First Things First
The COBRA coverage itself is not necessarily a negative, large employer-sponsored plans can have lower deductibles, out of pocket maximums and lower coinsurance than plans available in the individual market.
If you are eligible for the APTC, that can become irrelevant, because the premium under the ACA could be so dramatically lower, that the coverage differences do not matter. This is the important takeaway here. Jae’s Corner never advocates “use all your money to pay for insurance that you may or may not need.” However, the point is that you need to actually calculate (nothing fancy, adding and subtracting will do).

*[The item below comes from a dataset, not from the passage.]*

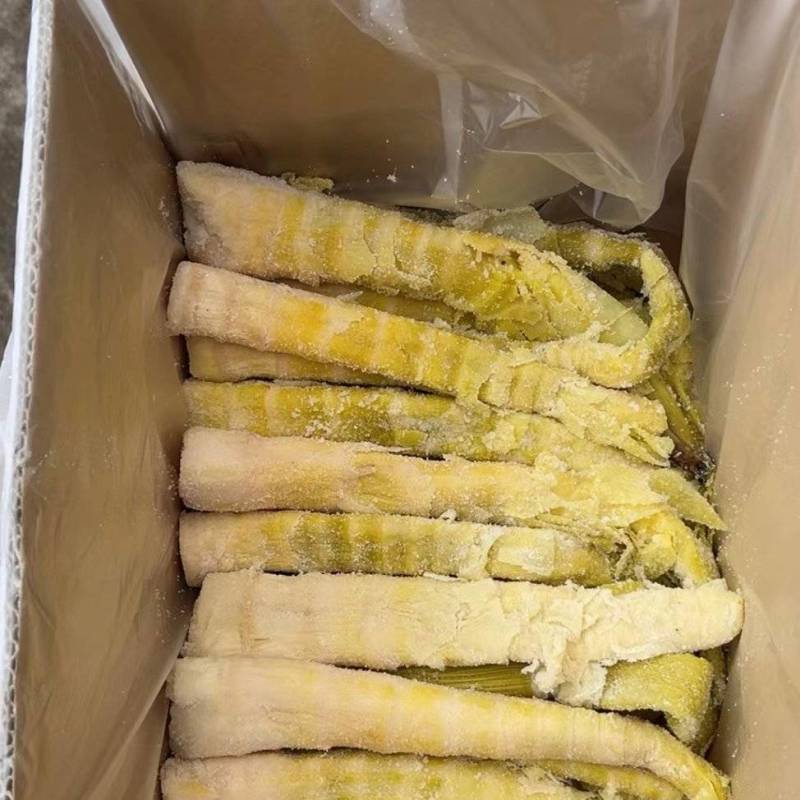 天目笋干盐渍笋半鲜笋3斤5斤装市场批发商超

“It’s like gambling”: that is what some people say. They are those who cannot or will not do the adding or subtracting. If you are Mr Perfect or Mr Sickalot, then you will have very very different view points on the premium differences. To Mr Perfect, who is APTC-eligible, it is most likely that COBRA is a no.
The differences here can be greater than $10,000 a year in premiums, this isn’t a small number. You notice that financial people like to talk about “sequence risk,” which occurs when you lose a lot at the beginning. They somehow forget to mention the other side of the coin: I am describing a sequence gain, not a sequence loss.
It is usually the case that you cannot transfer any payments that you have made to your deductible to a new policy. There can be exceptions but they would be very rare.